I was interested in the character of Audrey (played by Anna Levine), an artist with whom Parker has an affair during his visits to Los Angeles in the 1950s. She is clearly based on Julie Macdonald, who befriended the saxophonist and was with him when he received the news in March 1954 that his infant daughter Pree had died in New York, provoking a collapse that prefaced his final decline and ultimate demise 12 months later.

During his stays with Macdonald, they discussed art and classical music and probably much else; whatever else their relationship may have been about, this was also a meeting of minds. She produced at least two remarkable sculptures based on his likeness: one, a full-length study in lignum vitae, a dark hardwood, was last heard of in the ownership of Robert Reisner, who had promoted Parker in New York clubs; the other, pictured at the top of this piece, was carved from a piece of pale, lightly striated Pasadena sandstone and weighs 275lb. She sold it in 1961 to a California collector, apparently to raise the cash to buy a Ferrari, and it is currently in the possession of William Dickson, a retired Edinburgh architect who is now a photographer and a collector of post-war jazz artefacts and memorabilia.
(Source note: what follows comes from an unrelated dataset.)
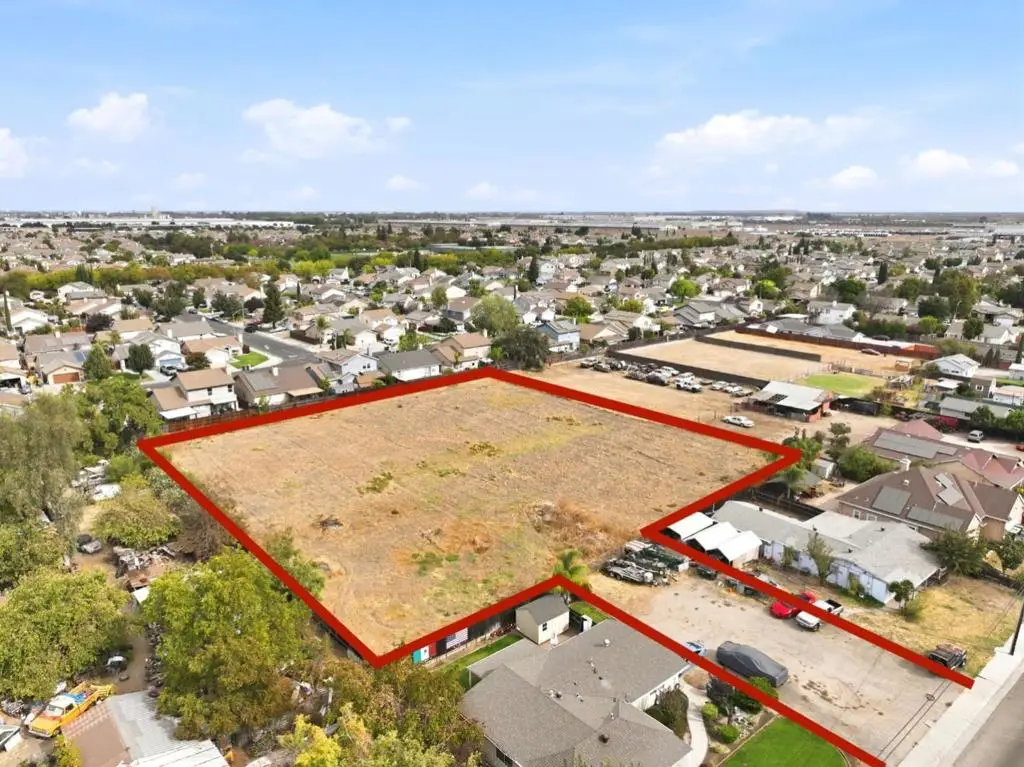 231 Warren Avenue, Lathrop, CA 95330 - #1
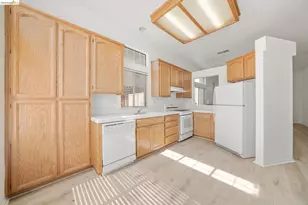 1759 Laurelgrove Ln, Tracy, CA 95376 - Photo 4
Three years ago I wrote a feature about the piece in the Guardian, having gone up to Scotland to see it, and it is through Dickson’s kind permission that his photograph is reproduced here. Bizarrely, given its great importance and direct relationship with such a historic figure, it has never been on public exhibition.

Macdonald took her inspiration from Egyptian heads of the 15th dynasty, which she and Parker had looked at together, and Yoruba carvings of the 14th to the 16th century. In my view she evokes more of her subject’s complex and profound essence than the director of Bird, for all his unquestionably good intentions, could capture in two and a half hours of celluloid. And I’m afraid I still can’t forgive Eastwood for erasing the sound of those great musicians with whom Parker created his masterpieces.